Internet Quotes Assistant

 

Quotation Server Settings
(Last updated on March 2007)

 

 

Automatic Quotation Download/Update

 

Internet Quotes Assistant downloads web pages from the internet like an ordinary web browser. After being downloaded, the web pages might be converted to a simplified format, before the quotations finally get extracted from them. The quotations are then used to update the portfolio.

 

Internet Quotes Assistant is distributed with some pre-configured quotation servers, but you can also specify your own quotation servers.

 

In order to automatically update quotations available on the internet, you must know:

 

i)                    The URL of the web page, where the quotation can be found,

ii)                  The exact position of the quotation on that page.

 

The following steps are required to configure a new quotation server:

 

1.       Find a web page that offers quotations on a regular basis (e.g. http://www.abc.com/quotes.html)

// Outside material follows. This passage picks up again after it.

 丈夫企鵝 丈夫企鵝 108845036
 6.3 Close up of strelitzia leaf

2.       Define the position of the desired quotation on the page

3.       Test the automatic quotation update

 

IQA’s Server Configuration Wizard will help you to setup your quotation server configuration. However, you might also configure the server settings manually. The rest of this document will give you more information on how to manually set IQA server settings.

 

Notes:

 

 

 

1. Finding a quotation server

 

You can use one of the popular search engines available in the internet (e.g. Google, Yahoo, etc.) to find a web site providing the quotation you are interested in.

 

When you’ve found a page containing the quotations you are interested in, you can copy the URL address from the browser window and paste it directly in the URL field of IQA’s Server Properties window.

 

Some details:

·              If the quotation is placed on a web page that uses frames, you will have to find out the exact page address. In this case you can press the right mouse button in the browser window and select the properties option of the context menu to get the correct URL address of the desired frame.

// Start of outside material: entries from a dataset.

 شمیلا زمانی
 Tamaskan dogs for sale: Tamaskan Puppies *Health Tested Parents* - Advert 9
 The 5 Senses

·              If the quotation symbol is part of the URL, e.g. http://www.abc.com/quote?symbols=MSFT, you can use the variable [&symbol] instead of "MSFT" in the URL field, so that the server configuration can be used as a template for other quotations. The variable [&symbol] will be replaced by the item’s symbol (e.g. "MSFT") when the page is to be downloaded.

·              If the web page address changes regularly (for example, because of the date, like in http://www.abc.com/quotation0715.html), you can use the variables [&d], [&dw], [&m], [&mstr], [&y]  (day; day of the week: mo=1, tu=2, ...; month; month string: jan, feb, ...; year) in the URL field, in order to let IQA always load the most actual page. For the example above you would have the URL: http://www.abc.com/quotation[&d][&m].html.

 

 

 

2. Definition of the position of the desired quotation on the page

 

The easiest way to define the position of the desired quote on a web page is to use IQA’s Server Configuration Wizard. However, if you want, you can also do it manually. Depending on the structure of the web page this task might require some effort. You should, first of all, take a look at some examples that are distributed with IQA.

 

IQA offers the possibility to define basic and advanced data extraction rules.

 

 

2A) Basic Quotation Extraction Rules

Most web pages are written in Hyper Text Markup Language (HTML), that means, they have not only text, but also format tags, such as <B> and </B>, which are used to format the text’s layout.

 

Usually a quotation is found after a specific text, that appears only once on the page. This text should be entered in the sever configuration dialog in the field Quotation after the following text. For instance, "XYZ Inc.  Last quotation:" (this field may also contain the IQA variables [&d], [&dw], [&m], [&mstr], [&y], [&name], [&symbol]). Please note, that often the text that comes before a quotation contains HTML tags that might not be seen directly. Usually, you should, first of all, take a look at the source code of the web page (Internet Explorer: View menu, Source option; Firefox: View, Page Source option). If you are dealing with a simple web page, you can let it be converted to text format, so that you won’t need to pay attention to HTML tags anymore).

 

Let’s take a look at the 3 different page conversion options, from which you can choose one:

·                    None
The page will be not converted at all, it will appear just like you see when you choose the option Source from menu View of Internet Explorer.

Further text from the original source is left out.